ESTIMATION OF INTERSECTION TURNING MOVEMENT FLOWS WITH THE TMERT3 MODEL VERSION: SENSITIVITY TO A WIDESPREAD DETECTOR FAILURE

DOI: 10.7708/ijtte.2021.11(3).07


11 / 3 / 442 - 453 Pages

Author(s)

Jelena Karapetrovic - Department of Civil Engineering, New Mexico State University, Las Cruces, NM, 88001, USA -

Peter T. Martin - Department of Civil Engineering, New Mexico State University, Las Cruces, NM, 88001, USA -


Abstract

Urban congestion is getting worse, especially at intersections, where conflicting flows share the same traffic signal cycle. However, traffic demand-responsive control can improve urban traffic operations by directing vehicles to alternative routes with spare capacity.

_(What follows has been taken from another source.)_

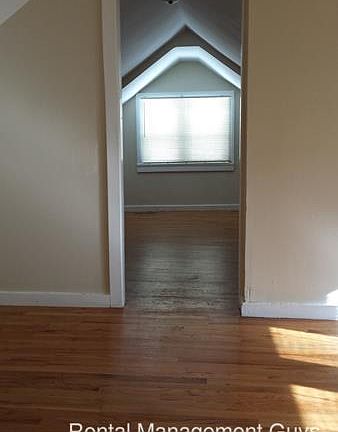 3rd image of 3515 Russell Ave N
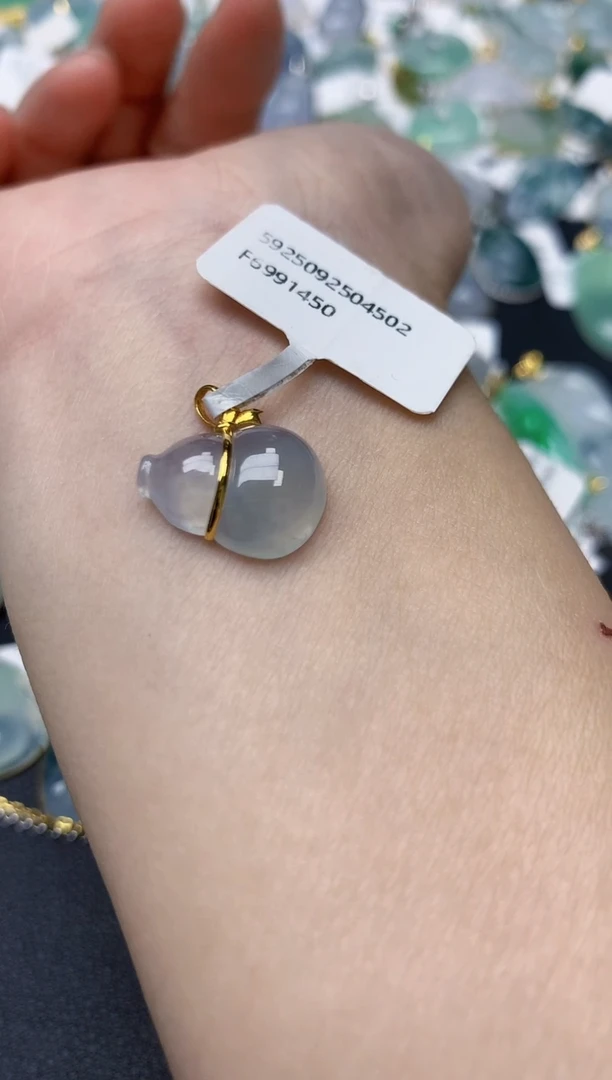 颈饰18K金镶嵌翡翠天然缅甸A货翡翠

Intersection demand is characterized by left, through and right turning movement (TM) flows from each intersection approach. Information on TMs must be current and consistently reliable for traffic control strategies to be effective. Non-recurring traffic congestion can quickly and unpredictably develop, such as during the Christmas shopping season, causing backups and warranting congestion mitigation. The latest version of the Turning Movement Estimation in Real-Time (TMERT) model, TMERT3, can consistently estimate 5-minute TM flows from 15% of network flow detections. This paper validates TMERT3 by showing it robustly estimates TMs despite widespread detector failure when applied to non-recurrently congested extensive networks. TMERT3 is tested on traffic on the 28-intersection network in Orem/Provo, Utah, USA, during a Christmas shopping season. TMERT3 TM estimates showed to preserve accuracy (Root Mean Square Error- RMSE) even when 20% of the initial detectors fail. So, TMERT3 presented practical applicability in efficiently guiding strategies that mitigate urban traffic congestion.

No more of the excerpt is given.